The figure below shows dividends, gross equity issues, repurchases and M&A retirements, all as a percent of GDP.

Source

What do we see here? First, the volume of shares retired through acquisitions is consistently, and often substantially, greater than the volume retired through repurchases. If you look just at the aggregate net equity issue you would think that share repurchases were now comparable to dividends as a means of distributing profits to shareholders; but it’s clear here that that’s not the case. Share repurchases plus acquisitions are about equal to dividends, but repurchases by themselves are half the size of dividends — that is, they account for only around a third of shareholder payouts.

One particular period the new data changes the picture is the tech boom period around 2000. Net equity issues were significantly negative in that period, on the order of 1 percent of GDP. But as we can now see, that was entirely due to an increased volume of acquisitions. Repurchases were flat and, by the standard of more recent periods, relatively low. So the apparent paradox that even during an investment boom businesses were paying out far more to shareholders than they were taking in, is not quite such a puzzle. If you were writing a macroeconomic history of the 1990s-2000s, this would be something to know.

It’s important data. I think it clarifies a lot and I hope people will make more use of it in the future.

We do have to be careful here. Some fraction of the M&A retirements are stock transactions, where the acquiring company issues new stock as a kind of currency to pay for the stock of the company it is acquiring.5 In these cases, it’s misleading to treat the stock issuance and the stock retirement as two separate transactions — as independent sources and uses of funds.

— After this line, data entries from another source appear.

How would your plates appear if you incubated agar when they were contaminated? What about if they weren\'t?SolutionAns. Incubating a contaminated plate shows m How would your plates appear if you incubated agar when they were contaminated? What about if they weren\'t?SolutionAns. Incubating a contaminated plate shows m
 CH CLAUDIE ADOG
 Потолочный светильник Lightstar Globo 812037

It would be better to net those transactions out earlier before reporting the gross figures here. Unfortunately, the Fed doesn’t give a historical series of cash vs. stock acquisition spending. But in recent years, at least, it seems that no more than a quarter or so of acquisitions are paid in stock, so the figure above is at least qualitatively correct. Removing the stock acquisitions — where there is arguably no meaningful issue or retirement of stock, jsut a swap of one company’s for another’s — would move the M&A Retirements and Gross Equity Issues lines down somewhat. But the basic picture would remain the same.

It’s also the case that a large fraction of equity issues are the result of exercise of employee stock options. I suspect — tho again I haven’t seen definite data — that stock options accout for a large fraction, maybe a majority, of stock issues in recent decades. But this doesn’t change the picture as far as sectoral flows goes — it just means that what is being financed is labor costs rather than investment.

The bottom line here is, I don’t think we heterodox corporate finance people have thought enough about acquisitions. A major part of payments from corporations to shareholders are not distribution of profits in the usual sense, but payments by managers for control rights over a production process that some other shareholders have claims on. I don’t think our current models handle this well — we either think implicitly of a single unitary corporate sector, or we follow the mainstream in imagining production as a bouillabaisse in where you just throw in a certain amount of labor and a certain amount of capital, so it doesn’t matter who is in charge.

Of course we know that the exit, the liquidity moment, for many tech startups today is not an IPO — let alone reaching profitability under the management of early investors — but acquisition by an established company. But this familiar fact hasn’t really made it into macro analysis.

I think we need to take more seriously the role of Wall Street in rearranging ownership claims. Both because who is in charge of particular production processes is important. And because we can’t understand the money flows between corporations and households without it.